The influence of proximity induced ferromagnetism, superconductivity and Fermi-velocity on evolution of Berry phase in Bi$_{2}$Se$_{3}$ topological insulator

Bi$_{2}$Se$_{3}$ is a well-known 3D-topological insulators (TI) with a non-trivial Berry phase of (2n$+$1) $\pi $ attributed to the topology of the band structure. The Berry phase shows non-topological deviations from (2n$+$1) $\pi $ in presence of a perturbation that destroys time reversal symmetry and gives rise to a quantum system with massive Dirac fermions and finite band gap.
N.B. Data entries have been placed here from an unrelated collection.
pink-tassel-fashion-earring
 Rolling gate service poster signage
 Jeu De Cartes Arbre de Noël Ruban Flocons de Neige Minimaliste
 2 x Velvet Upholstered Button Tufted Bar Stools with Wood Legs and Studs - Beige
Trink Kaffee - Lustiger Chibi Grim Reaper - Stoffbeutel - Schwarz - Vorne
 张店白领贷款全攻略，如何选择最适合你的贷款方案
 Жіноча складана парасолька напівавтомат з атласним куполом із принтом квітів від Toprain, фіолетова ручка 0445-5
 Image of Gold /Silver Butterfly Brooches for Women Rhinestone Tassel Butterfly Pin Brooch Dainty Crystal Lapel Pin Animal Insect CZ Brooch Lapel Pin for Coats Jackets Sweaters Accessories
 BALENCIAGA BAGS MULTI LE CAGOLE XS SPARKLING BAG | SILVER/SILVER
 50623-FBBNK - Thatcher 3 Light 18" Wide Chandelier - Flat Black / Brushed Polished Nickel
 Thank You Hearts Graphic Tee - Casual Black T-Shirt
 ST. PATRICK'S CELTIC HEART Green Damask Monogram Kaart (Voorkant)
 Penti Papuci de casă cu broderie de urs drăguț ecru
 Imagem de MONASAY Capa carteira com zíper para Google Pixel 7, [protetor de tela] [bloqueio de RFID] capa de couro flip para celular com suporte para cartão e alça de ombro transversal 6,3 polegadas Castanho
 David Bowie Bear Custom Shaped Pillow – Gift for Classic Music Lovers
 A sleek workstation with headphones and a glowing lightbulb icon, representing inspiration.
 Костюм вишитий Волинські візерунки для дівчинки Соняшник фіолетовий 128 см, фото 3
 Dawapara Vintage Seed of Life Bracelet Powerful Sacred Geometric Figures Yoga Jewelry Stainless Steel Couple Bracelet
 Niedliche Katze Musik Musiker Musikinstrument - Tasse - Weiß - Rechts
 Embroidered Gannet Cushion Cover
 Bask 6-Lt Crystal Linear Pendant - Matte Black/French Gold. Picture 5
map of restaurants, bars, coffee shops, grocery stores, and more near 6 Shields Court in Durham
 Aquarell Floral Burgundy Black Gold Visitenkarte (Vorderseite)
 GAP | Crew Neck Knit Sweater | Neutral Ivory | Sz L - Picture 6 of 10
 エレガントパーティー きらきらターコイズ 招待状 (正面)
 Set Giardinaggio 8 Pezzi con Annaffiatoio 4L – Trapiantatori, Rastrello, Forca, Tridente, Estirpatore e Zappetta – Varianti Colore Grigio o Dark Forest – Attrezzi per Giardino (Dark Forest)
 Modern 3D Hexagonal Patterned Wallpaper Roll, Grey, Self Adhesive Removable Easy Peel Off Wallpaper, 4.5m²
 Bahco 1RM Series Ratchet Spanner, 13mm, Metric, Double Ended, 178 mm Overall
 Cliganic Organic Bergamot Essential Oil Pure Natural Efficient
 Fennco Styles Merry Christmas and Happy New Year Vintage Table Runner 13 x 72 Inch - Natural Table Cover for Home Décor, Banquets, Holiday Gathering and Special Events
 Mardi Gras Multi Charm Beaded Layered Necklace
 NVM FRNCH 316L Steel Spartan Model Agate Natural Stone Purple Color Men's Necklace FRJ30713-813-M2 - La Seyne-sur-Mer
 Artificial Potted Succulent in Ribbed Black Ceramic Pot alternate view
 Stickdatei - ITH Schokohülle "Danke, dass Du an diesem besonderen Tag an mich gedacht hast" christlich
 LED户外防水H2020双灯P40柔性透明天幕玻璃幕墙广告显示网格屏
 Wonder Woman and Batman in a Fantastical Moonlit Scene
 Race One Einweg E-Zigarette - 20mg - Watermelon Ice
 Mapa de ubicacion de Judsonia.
Such a band gap opening is achieved on account of the exchange field of a ferromagnet or the intrinsic energy gap of a superconductor that influences the topological insulator surface states by virtue of the proximity effect. The Berry phase of such gapped systems with massive Dirac fermions is considered. Additionally, it is shown that the Berry phase for such a system also depends on the Fermi-velocity of the surface states which can be tuned as a function of the TI film thickness. The role of higher order warping terms in the surface state Hamiltonian which influences deviations to the Berry phase is evaluated. Finally, a connection between Berry phase and circular dichroism is examined through explicit calculation of the optical matrix elements.